# TCS vs. NCE and Digitrax Decoders



## KisNap (Aug 4, 2014)

Hi Everyone,

I was looking for a DCC decoder (without sound) and found one from TCS, NCE, and Digitrax. The TCS decoder was around $15 higher than the other two. I noticed that in general their decoders are more expensive. Why is this? Are they that much better than the other two? Below are the three models I was looking at. Are their decoders more configurage for advanced operation? Any input would be great. Thank you.


TCS: 1302 ALD4

NCE: 524120 (N12A0)

Digitrax: DN163A0


----------



## Cycleops (Dec 6, 2014)

These are for N right? I've only used the Digitrax and found it very good. Are these going in an Atlas? If so I've had problems with the contact points on the split chassis not always always make a good connection with decoder.


----------



## tkruger (Jan 18, 2009)

I have never used TCS decoders so I cannot speak to their quality. I have used other models of Digitrax and NCE. I personally prefer NCE and have never had one fail for reasons other than my error. When I have had an issue their customer service is top notch. On top of that I live within driving distance of the town where they are made so any issues I just go there.

I have not had any issue with the Digitrax motor only ones. I did have a defective sound decoder from them. I emailed the description with what happened and the next day received an email with a return label. 10 days later a new decoder was in the mail box. Could not have asked for more considering the 10 days included postage and a weekend.

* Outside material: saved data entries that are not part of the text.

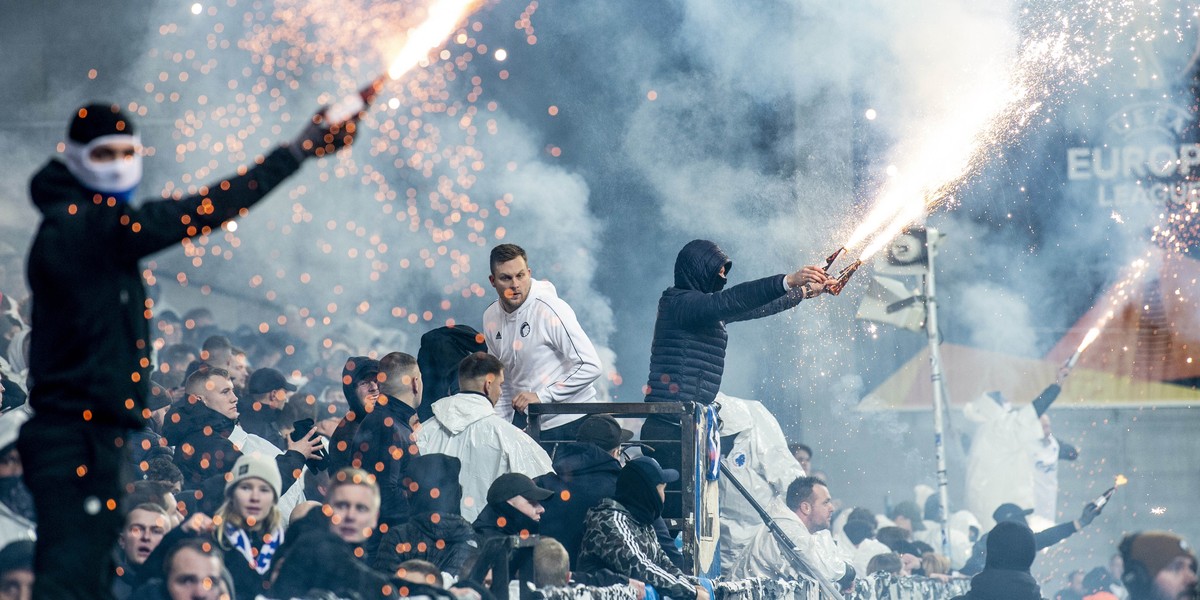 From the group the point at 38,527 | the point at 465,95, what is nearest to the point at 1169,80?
the point at 465,95

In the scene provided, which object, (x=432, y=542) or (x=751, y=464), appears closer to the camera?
(x=432, y=542)

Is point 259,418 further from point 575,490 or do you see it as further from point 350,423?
point 575,490

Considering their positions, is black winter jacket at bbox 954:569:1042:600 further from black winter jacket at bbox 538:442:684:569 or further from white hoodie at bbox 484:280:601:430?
white hoodie at bbox 484:280:601:430

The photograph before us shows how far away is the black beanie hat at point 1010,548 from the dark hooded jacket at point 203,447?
3605 millimetres

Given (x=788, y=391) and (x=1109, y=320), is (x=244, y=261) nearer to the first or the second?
(x=788, y=391)

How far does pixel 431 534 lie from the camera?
15.7 feet

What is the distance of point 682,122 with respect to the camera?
49.7ft

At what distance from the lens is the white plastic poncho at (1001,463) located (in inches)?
493

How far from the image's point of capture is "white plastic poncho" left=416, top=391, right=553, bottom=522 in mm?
5461

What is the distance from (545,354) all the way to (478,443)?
2.58 ft

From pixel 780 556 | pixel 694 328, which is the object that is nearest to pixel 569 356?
pixel 694 328

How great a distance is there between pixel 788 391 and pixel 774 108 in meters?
3.04

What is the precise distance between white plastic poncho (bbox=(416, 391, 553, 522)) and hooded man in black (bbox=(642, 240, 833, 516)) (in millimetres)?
982

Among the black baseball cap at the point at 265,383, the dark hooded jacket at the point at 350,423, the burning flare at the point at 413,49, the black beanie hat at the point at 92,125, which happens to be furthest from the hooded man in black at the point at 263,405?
the black beanie hat at the point at 92,125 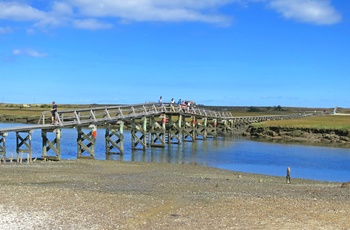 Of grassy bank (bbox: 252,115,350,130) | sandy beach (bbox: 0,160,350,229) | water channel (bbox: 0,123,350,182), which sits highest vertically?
grassy bank (bbox: 252,115,350,130)

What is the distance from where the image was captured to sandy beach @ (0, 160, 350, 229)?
1321 cm

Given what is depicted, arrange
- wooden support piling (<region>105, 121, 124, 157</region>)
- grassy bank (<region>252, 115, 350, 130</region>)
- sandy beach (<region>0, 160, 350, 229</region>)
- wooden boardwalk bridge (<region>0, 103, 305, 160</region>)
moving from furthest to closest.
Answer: grassy bank (<region>252, 115, 350, 130</region>) < wooden support piling (<region>105, 121, 124, 157</region>) < wooden boardwalk bridge (<region>0, 103, 305, 160</region>) < sandy beach (<region>0, 160, 350, 229</region>)

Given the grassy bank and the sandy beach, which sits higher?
the grassy bank

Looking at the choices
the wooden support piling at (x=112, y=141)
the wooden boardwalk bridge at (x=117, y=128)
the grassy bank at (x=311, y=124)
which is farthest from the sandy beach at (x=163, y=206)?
the grassy bank at (x=311, y=124)

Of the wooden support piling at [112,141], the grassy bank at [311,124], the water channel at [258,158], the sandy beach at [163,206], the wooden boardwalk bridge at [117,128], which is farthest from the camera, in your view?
the grassy bank at [311,124]

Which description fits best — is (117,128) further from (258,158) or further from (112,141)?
(258,158)

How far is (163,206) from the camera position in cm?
1543

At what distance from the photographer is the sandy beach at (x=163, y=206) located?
13211mm

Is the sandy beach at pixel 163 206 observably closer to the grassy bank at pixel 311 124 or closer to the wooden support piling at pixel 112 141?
the wooden support piling at pixel 112 141

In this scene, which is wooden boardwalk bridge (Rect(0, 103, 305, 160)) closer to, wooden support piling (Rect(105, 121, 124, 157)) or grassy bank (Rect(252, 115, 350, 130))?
wooden support piling (Rect(105, 121, 124, 157))

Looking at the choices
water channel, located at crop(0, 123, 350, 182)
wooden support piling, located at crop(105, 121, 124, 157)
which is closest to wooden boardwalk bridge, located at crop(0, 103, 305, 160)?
wooden support piling, located at crop(105, 121, 124, 157)

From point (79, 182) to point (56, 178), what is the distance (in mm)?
1862

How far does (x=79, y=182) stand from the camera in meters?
21.4

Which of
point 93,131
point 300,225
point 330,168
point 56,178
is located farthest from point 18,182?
point 330,168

The only brand that I would not recommend at this time are the MRC motor controllers or sound with motor controllers. I have not had any issues with their Sounder (sound only) series.


----------



## KisNap (Aug 4, 2014)

Thanks for all the advice. I've had good luck with MRC sounds decoders so far. I've only installed 2, but so far the sound is good enough given it's n scale, drop-in installation, and less expensive than many of the others. I'm sure that SoundTraxx beats them hands down, but I don't have the skills necessary to safely solder everything in place.


----------